2019 admissions scandal

“There is a front door, there is a back door, and I’ve created a side door.” William Singer may have been thinking outside the box, but I suspect he’s soon going to be in a different (and much less metaphorical) sort of box — one well-suited for lots and lots of thinking.

Anyhow, I’d like to mention a few related points.

First is that while only the “side door” is illegal, the “back door” (i.e. endowing a building in exchange for admission) is, let’s just say, worth our while to re-examine, as a society. (Plenty more to say here, but I’m sure others will make this point better than I can in the coming days.)
(UPDATE: Sure enough, here’s The Guardian’s take.)

The other points I want to make involve my experience as a test-prep professional and student coach.

Some years ago, I had the exquisitely horrible experience of preparing a student for an admissions test so well than the student got in despite what had been impossible odds… and yet I prepared the student in such a narrow way that the student wound up dropping out of that college later due to lack of ability to keep up with the demanding pace.  (Since then, I’ve focused my test-prep on becoming a brighter student rather than on becoming a better test-taker.)  My point here is that on balance, the system still more or less works to reward merit and to discourage cheating.  It just doesn’t do it as well or as strongly as it should. This can be fixed.

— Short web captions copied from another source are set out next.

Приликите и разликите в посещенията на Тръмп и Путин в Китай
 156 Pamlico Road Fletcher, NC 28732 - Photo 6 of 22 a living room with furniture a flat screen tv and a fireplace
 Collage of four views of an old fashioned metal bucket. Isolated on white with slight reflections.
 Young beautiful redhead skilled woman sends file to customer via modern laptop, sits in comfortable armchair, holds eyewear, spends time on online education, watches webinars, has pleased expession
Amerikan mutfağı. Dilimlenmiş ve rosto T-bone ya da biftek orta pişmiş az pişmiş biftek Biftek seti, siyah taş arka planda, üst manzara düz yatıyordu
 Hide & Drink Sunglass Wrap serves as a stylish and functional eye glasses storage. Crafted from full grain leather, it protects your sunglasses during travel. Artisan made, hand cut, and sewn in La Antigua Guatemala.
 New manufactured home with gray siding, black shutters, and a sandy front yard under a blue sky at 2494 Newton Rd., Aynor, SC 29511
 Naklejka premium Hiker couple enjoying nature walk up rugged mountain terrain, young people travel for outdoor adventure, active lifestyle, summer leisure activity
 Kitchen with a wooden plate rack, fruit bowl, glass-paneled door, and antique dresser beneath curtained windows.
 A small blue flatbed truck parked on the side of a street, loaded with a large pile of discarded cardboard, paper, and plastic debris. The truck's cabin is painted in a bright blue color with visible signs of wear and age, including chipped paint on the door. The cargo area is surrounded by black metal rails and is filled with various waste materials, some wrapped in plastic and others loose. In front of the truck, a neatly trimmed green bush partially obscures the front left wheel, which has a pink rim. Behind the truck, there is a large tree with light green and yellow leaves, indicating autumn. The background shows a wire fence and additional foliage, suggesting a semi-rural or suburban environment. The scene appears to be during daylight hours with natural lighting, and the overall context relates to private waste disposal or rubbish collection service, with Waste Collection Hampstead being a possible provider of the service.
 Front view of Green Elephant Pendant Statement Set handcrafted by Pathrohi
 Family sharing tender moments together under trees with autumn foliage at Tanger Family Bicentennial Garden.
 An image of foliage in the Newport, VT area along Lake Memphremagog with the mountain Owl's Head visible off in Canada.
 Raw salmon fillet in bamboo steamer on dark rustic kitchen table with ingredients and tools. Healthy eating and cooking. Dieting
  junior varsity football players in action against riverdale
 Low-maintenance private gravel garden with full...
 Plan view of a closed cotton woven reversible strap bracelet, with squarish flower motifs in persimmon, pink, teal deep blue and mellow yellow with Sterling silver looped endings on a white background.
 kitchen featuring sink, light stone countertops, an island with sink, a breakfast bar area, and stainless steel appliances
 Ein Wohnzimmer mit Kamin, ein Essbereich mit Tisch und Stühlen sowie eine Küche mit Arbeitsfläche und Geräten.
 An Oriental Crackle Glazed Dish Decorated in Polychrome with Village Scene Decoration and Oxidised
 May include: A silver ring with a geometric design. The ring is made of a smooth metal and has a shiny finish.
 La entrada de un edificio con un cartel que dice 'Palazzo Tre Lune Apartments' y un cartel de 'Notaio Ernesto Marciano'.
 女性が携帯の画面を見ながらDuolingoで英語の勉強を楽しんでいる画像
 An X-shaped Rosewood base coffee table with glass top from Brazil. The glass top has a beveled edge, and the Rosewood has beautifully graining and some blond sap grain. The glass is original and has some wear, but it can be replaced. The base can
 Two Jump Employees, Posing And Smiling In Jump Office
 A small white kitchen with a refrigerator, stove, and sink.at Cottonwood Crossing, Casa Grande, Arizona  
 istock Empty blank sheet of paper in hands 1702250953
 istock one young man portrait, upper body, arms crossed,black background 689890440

Also, please indulge me as I run some numbers.  Median lifetime earnings for a college graduate is in the $3.5MM to $4.0MM range.  A standard deviation’s worth of admissions score increase correlates with a 3% to 7% increase in lifetime earnings, which is in the ballpark of $200,000.  One standard deviation’s increase, while no mean feat, is well within the capability of a skilled and experienced coach to catalyze. And presumably these numbers are even higher in certain predictable circumstances.  What these folks have tried to buy is more closely equivalent to three standard deviations’ change in prospects, so worth over half a million (present-day) dollars. My point here is that the expenditures made by these families, while both illegal and unethical, are otherwise arguably economically rational. So it should be no great surprise that this sort of thing goes on, because it’s a good return on investment if you don’t get caught (and if you frame your kids as an investment). There will always be a taker for this sort of thing.

To be clear: I’m not condoning it; I’m not aware of it in my circle; and I actually do scout for it in order to protect the integrity of the related professions in my area. I’m just saying that part of the current function of the higher education system is to lock in class privilege, and it has become more efficient in this respect than is probably a good idea.

Learning styles

What skills should tutors have for accommodating visual / auditory / kinesthetic learners? None, I’m afraid; that’s simply not a thing.

And yet, many students’ lived experiences suggests that it is. Why?

I suspect it’s for more or less the same reasons that September babies are overrepresented among elite athletes: a small preference or advantage early on leads to more practice with a particular method, which becomes self-reinforcing.

More valuable than identifying learning styles, I think, is identifying skills that are necessary, but whose absence can go unnoticed.

(Then again, maybe the real moral of the story is that utility can be more important than truth.)

Unknown unknowns

You probably remember the quote:

There are known knowns. These are things we know that we know. There are known unknowns. That is to say, there are things that we know we don’t know. But there are also unknown unknowns. There are things we don’t know we don’t know.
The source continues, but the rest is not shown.